第9話 お椀の配膳
仲居として大変悩ましい問題が、ひとつあります。
それは『お椀』を下げるタイミング。
お客様が、蓋をきっちり閉めてしまうと、仲居は食べ終えられたのか、まだ口をつけていらっしゃらないのかが、わかりません。
冷めてしまうからと、お召し上がりの途中で蓋をされる方も多いので、下げるタイミングに苦慮します。
ですので、お椀を食べ終えられたら、ふせる時にちょっとだけ蓋を斜めにずらして欲しいんです。
それが蓋ものの「食べ終わりましたよ」の合図です。
そうすれば、一目で下げていいのかどうかが判断できます。
また、蓋をひっくり返して『食べました』を御報せ下さるお客様もみえますが、蓋の金箔が湯気で痛んでしまうので、やめましょう。
仲居が皿を引きにくいシチュエーションのトップ1は蓋物で、次に配膳の手間がかかるのは、お料理がもうあとわずかという器に箸を乗せたままにしたお客様。
箸が器に乗せられてると、
「お箸を除けて下さい」
的な、お声かけの手間が増える。
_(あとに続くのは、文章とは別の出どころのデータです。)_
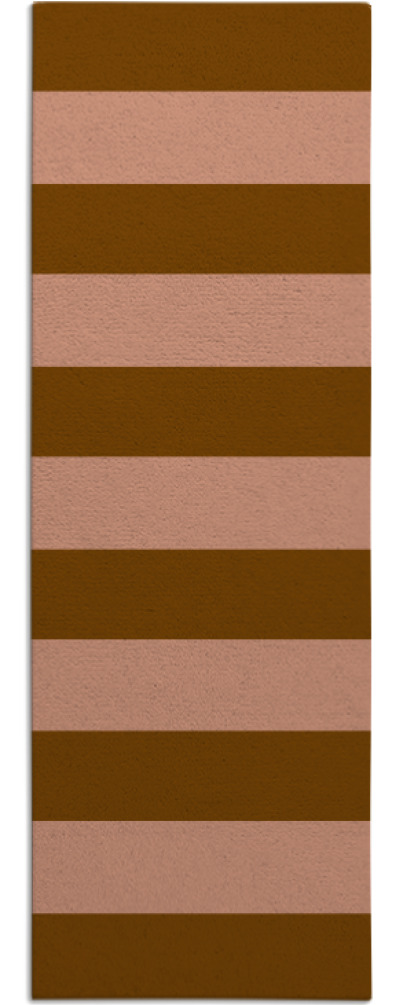 mono rug - item 168220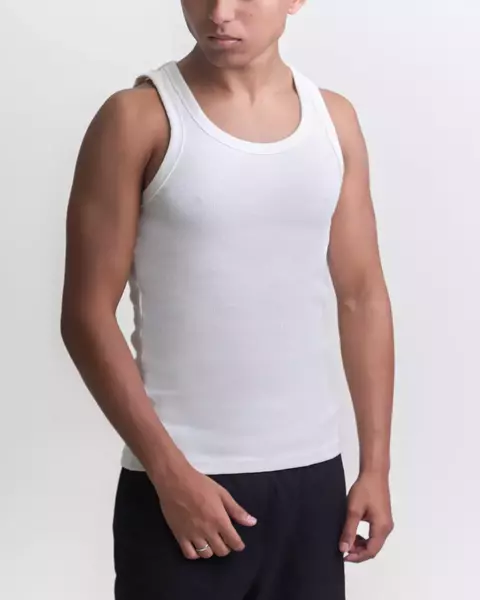 Regata Slim Off - comprar online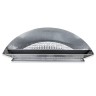 Корзина для копчения SnS Low profile для грилей Weber Kamado  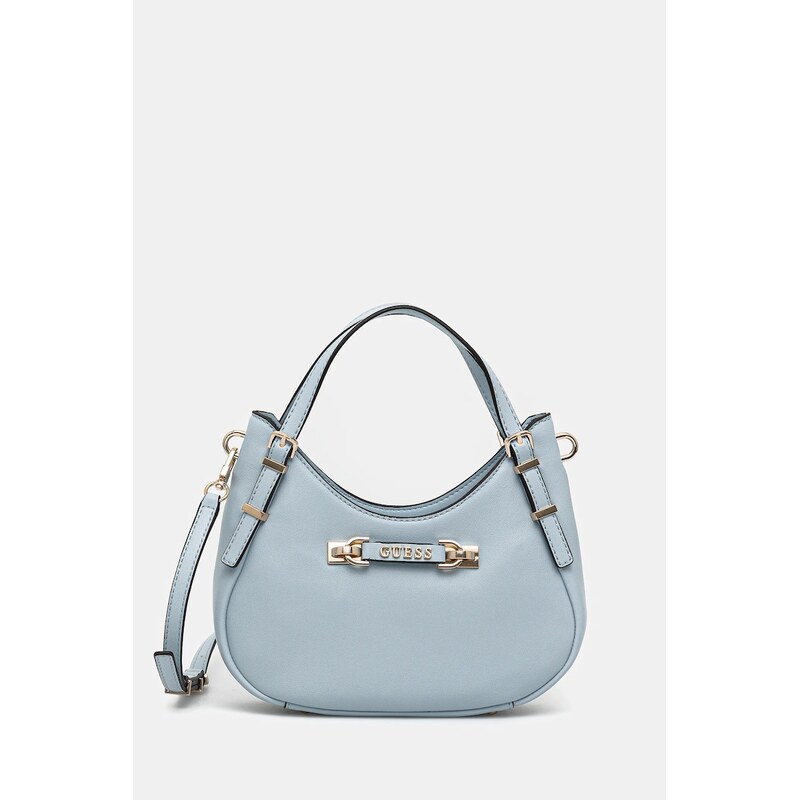 Kabelka Guess LEFIA 64102748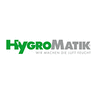 HygroMatik GmbH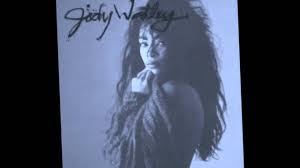 Loving you. it's a slow song, sung by a man with a deep voice, similar to larry graham. Jody Watley Looking For A New Love 1987 Youtube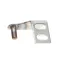 Garland 4524288 Door Hinge Asembly, Right Hand, STG Base
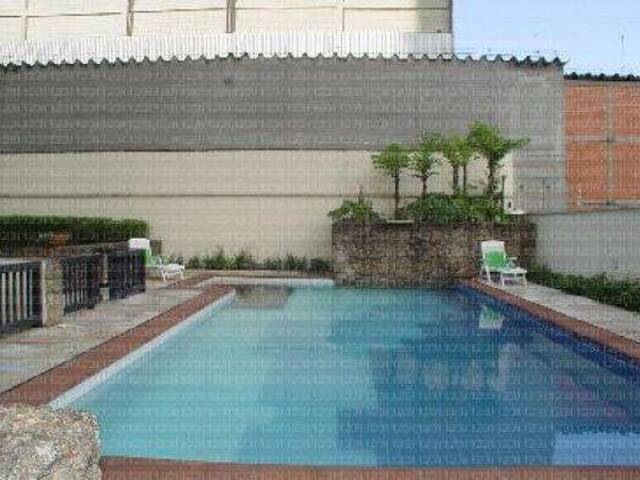 Terreno para Venda em São Paulo - 4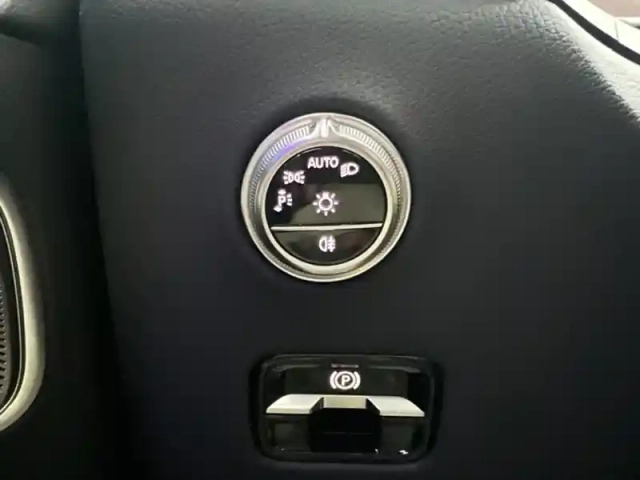 Mercedes Glc 300 e hybrid eq 4matic cou — photo 12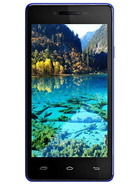 Best available price of Micromax A74 Canvas Fun in Germany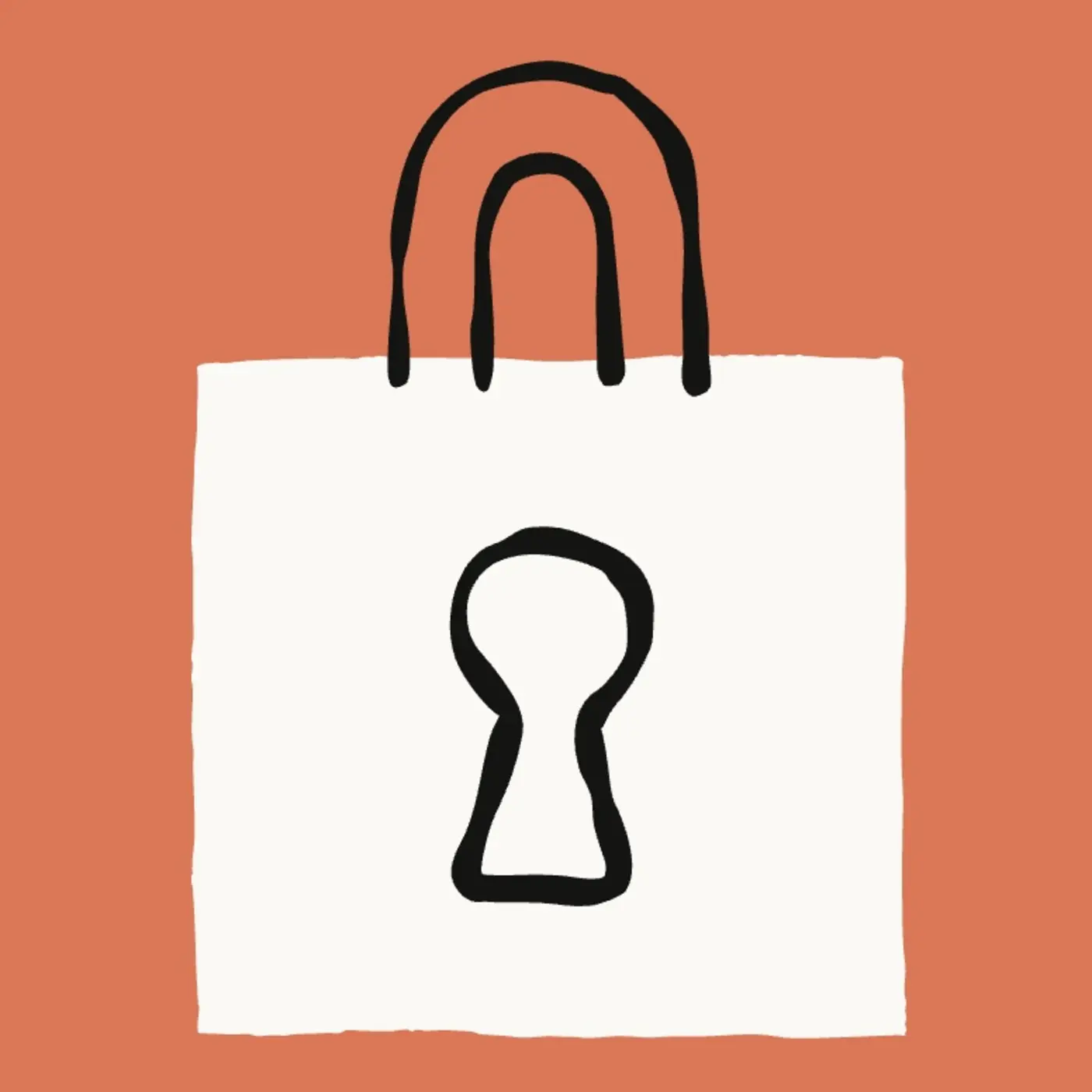 bringing the cybersecurity capabilities of claude mythos 5 to more defenders
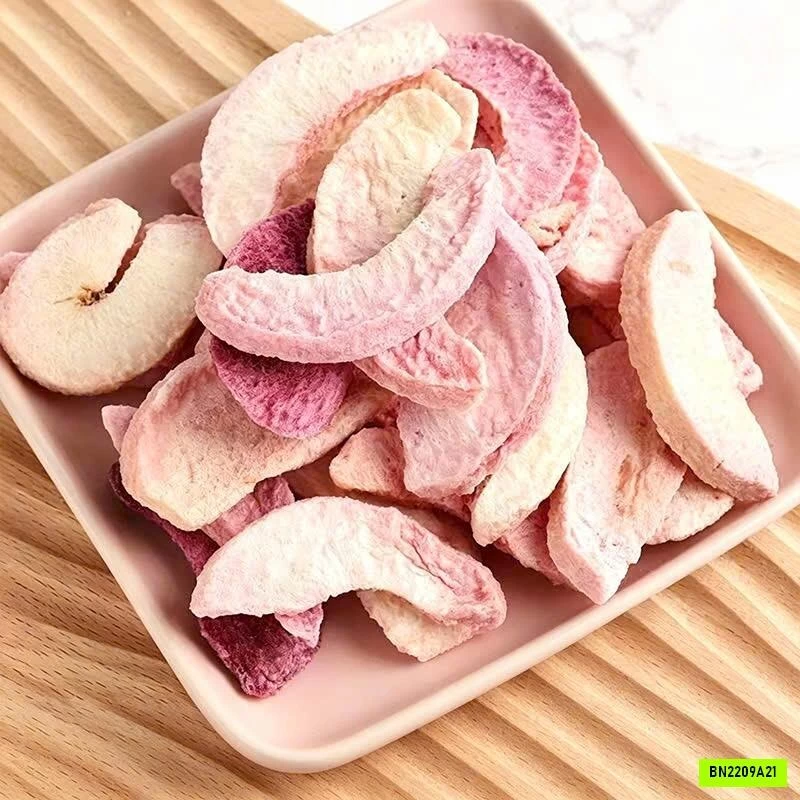 SÉT 3 TÚI ĐÀO MẬT ĐÔNG KHÔ FD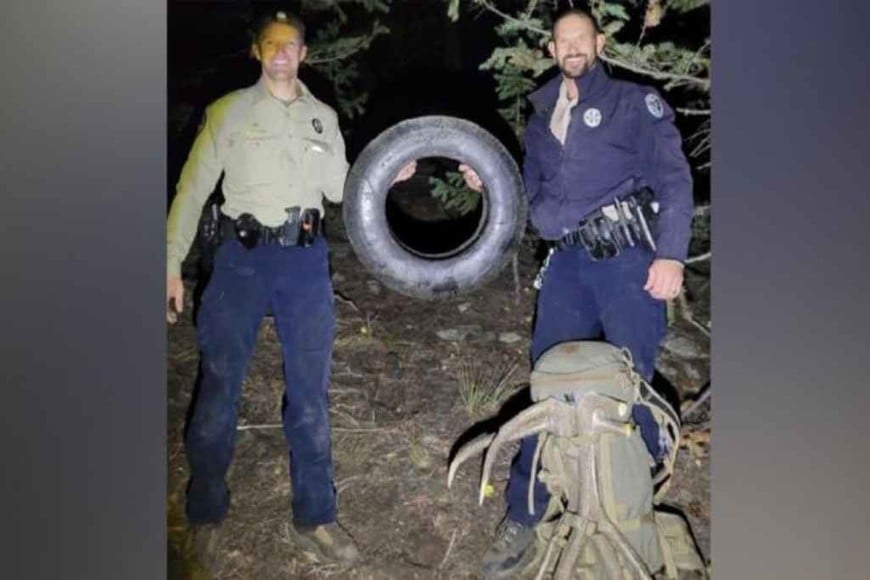 ELLITORAL_410106 |  Gentileza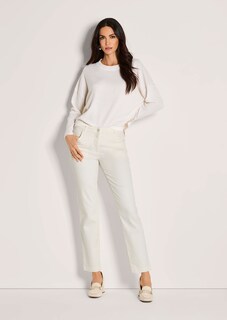 Pantalon thumbnail 3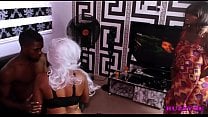 Ruzzyde went to her neighbour 039 s flat seduce and fucked her neighbour 039 s husband in front of her neighbour Watch full video in my Red Ruzzyde went to her neighbour 039 s flat seduce and fucked her neighbour 039 s husband in front of her neighbour Watch full video in my Red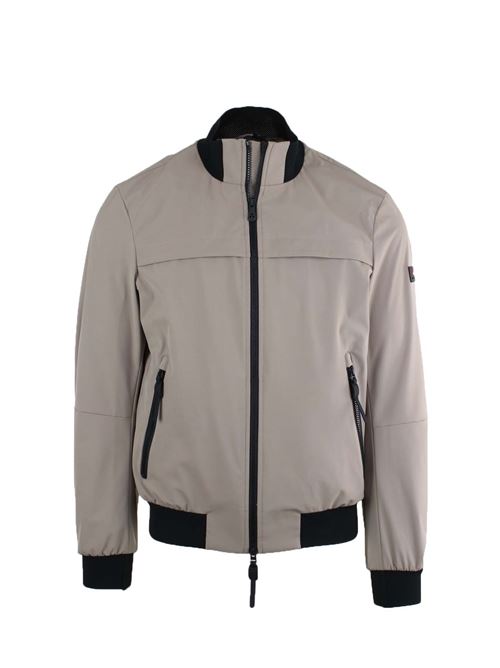  Peuterey | Down Jackets | POTOSIMDN01884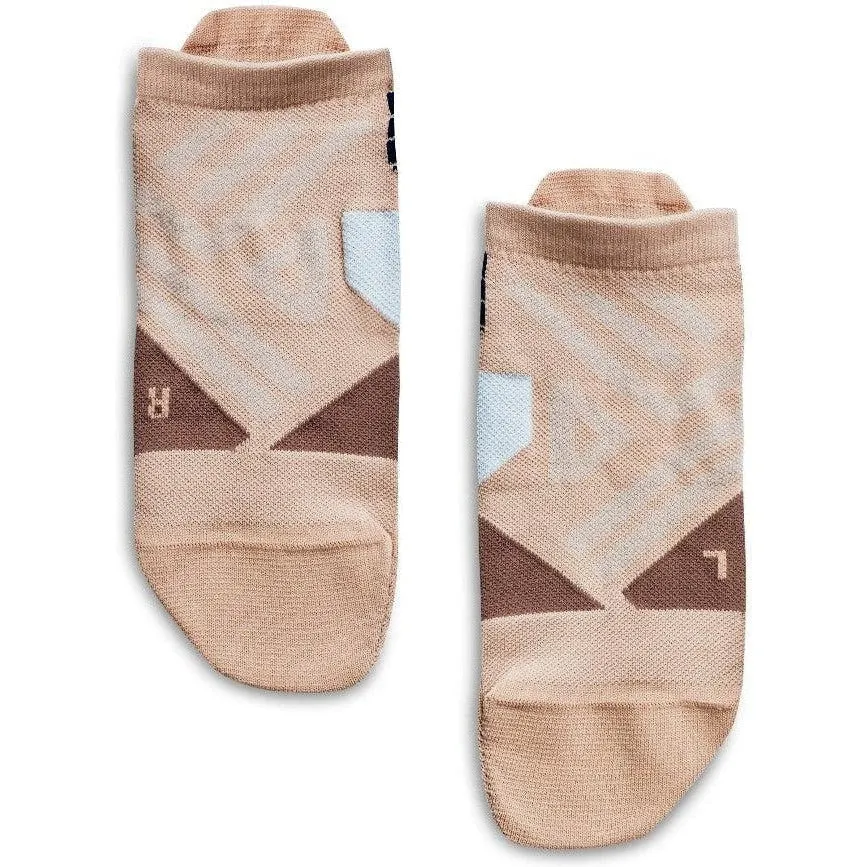 Women's On Low Sock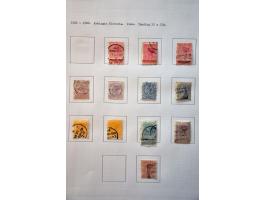 Image for Auctions 242-243 - 797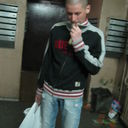 ���������� �����-���������, ���� ������� Pavel, 40 ���, ������������ ��� ������, ����� � ���������, c�������� ���������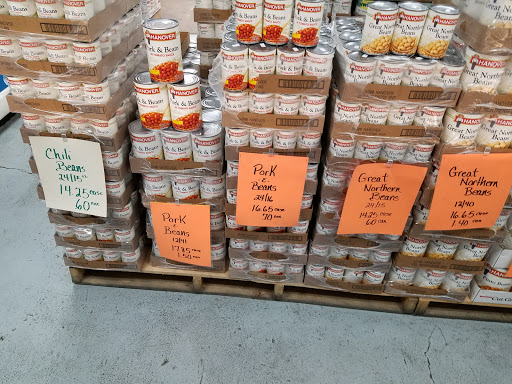 Department Store «Target», reviews and photos, 31 Wilson Ave, Hanover, PA 17331, USA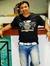 Gopal C...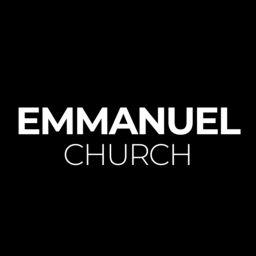 Podcast thumbnail for Emmanuel Church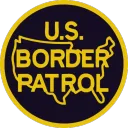 U.S BORDER PATROL | TS:RPG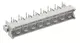 DIN-Power H016MS-3,2C1-1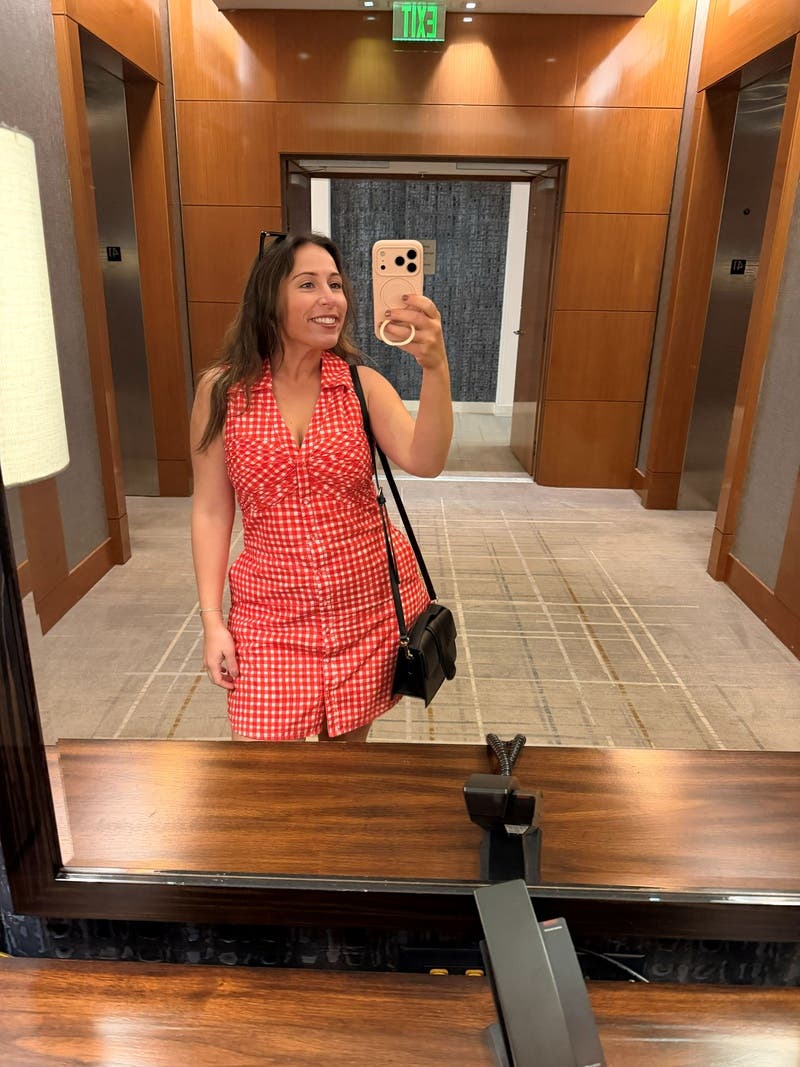 Danielle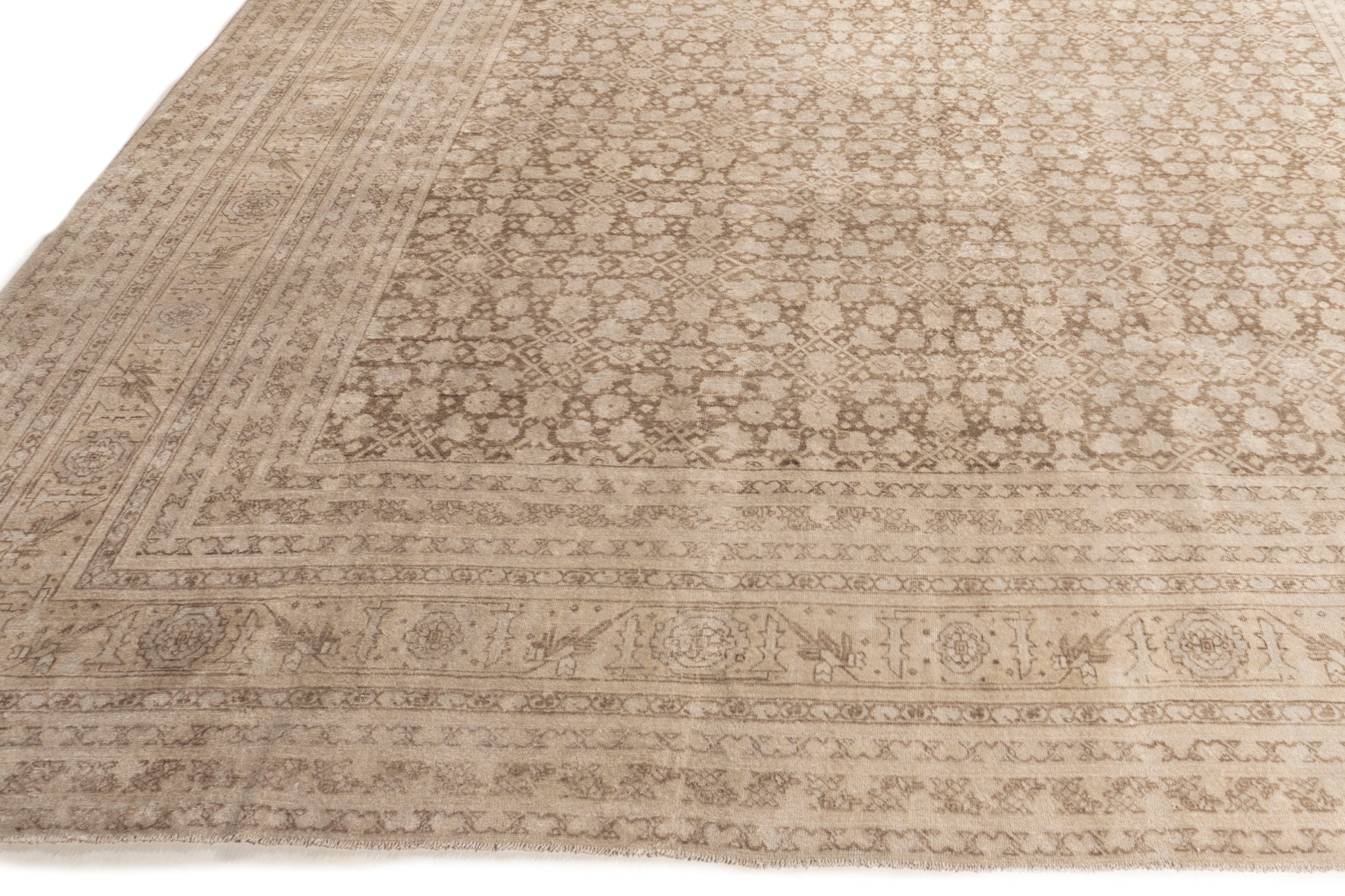 WAHO_IMAGE::u-5306-cu-1222-antique-subdued-tabriz-rug-11.00x14.10-17489.jpg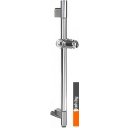 Душевые кабины River Desna XL 90/44 MT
お召し上がりの途中であれば、箸は必ず箸置きに。
あとは御椀に出汁だけ残っているとか、お皿に付け合せだけ残されてるとか、
「食べるんか、食べないんか、ハッキリせーや!」
と、心の中で叫びたくなるお客様。
残したければ仲居に「下げてください」と仰って頂けると助かります。